Editorial.

Liebe Leserinnen und Leser,

»Was machen Sie? Nichts. Ich lasse das Leben auf mich regnen.« Rahel Varnhagens berühmtes Zitat ziert bei mir ein Frühstücksbrettchen. Ausgerechnet dann, wenn der Tag richtig losgeht, hüpft bei mir auf einem nostalgischen Foto ein Mädchen mit vom Wind umgestülptem Regenschirm herum. Ob fröhlich oder ob des Sturms eher verzweifelt, vermag ich nicht zu sagen. Ihr Gesicht verschwindet hinter zerzausten Haaren.

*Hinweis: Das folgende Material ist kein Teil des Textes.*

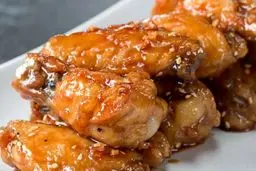 طرز تهیه مرغ عسلی و سیر، طعم متفاوت مرغ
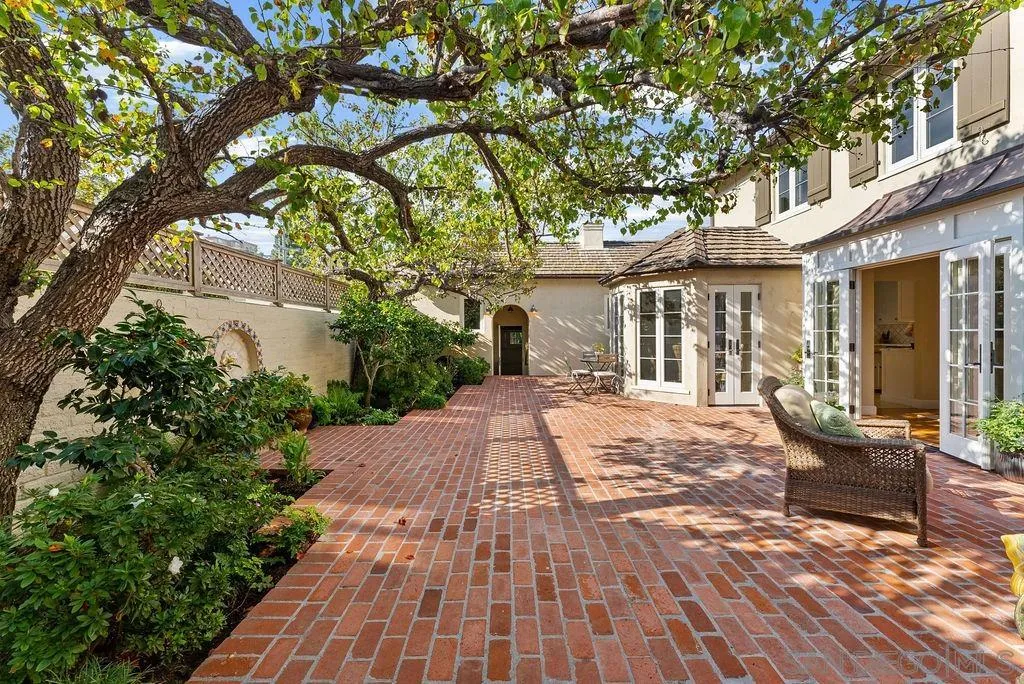 https://cdn.realtyfeed.com/cdn/127/250044159/5328effb99e750af34ac03fab21f1c33.webp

Dass Nichtstun guttun kann, dass aber auch nichts tun können verzweifeln lässt und dass nichts tun aus Desinteresse andere verletzt und vom Leben abschneidet, das thematisiert in nachdenklicher Fülle dieses von Viera Pirker und Stephan Pruchniewicz besorgte Heft. Britta Baumert spannt den Bogen der individuellen wie gesellschaftlichen Bezugspunkte auf, Hermann-Josef Kracht entfaltet biblisch, wie religiöse Unterbrechung Struktur, Erholung und Beziehungsfähigkeit ermöglicht. Theresia Strunk erläutert aus psychologischer Perspektive das Nichtstun von Kindern und Jugendlichen. Karin Peter markiert die Ambivalenz von nichts tun können und nichts tun müssen und bietet einen theologischen Zugang zu Aktion und Passion. Was tun? Nichts? Unser Praxisteil versammelt Anregungen zu Gebet, Erholung, Auszeit, die im Licht der vorhergehenden Reflexionen auch Vertrautes neu aufscheinen lassen. Die zum Thema gehörende Bildserie zeigt Menschen, denen Gewalt widerfahren ist und denen Wiedergutmachung versagt bleibt, weil Institutionen, Kirchen, zuständige Behörden und verantwortliche Einzelpersonen nichts tun. Sie sollen wenigstens sichtbar sein.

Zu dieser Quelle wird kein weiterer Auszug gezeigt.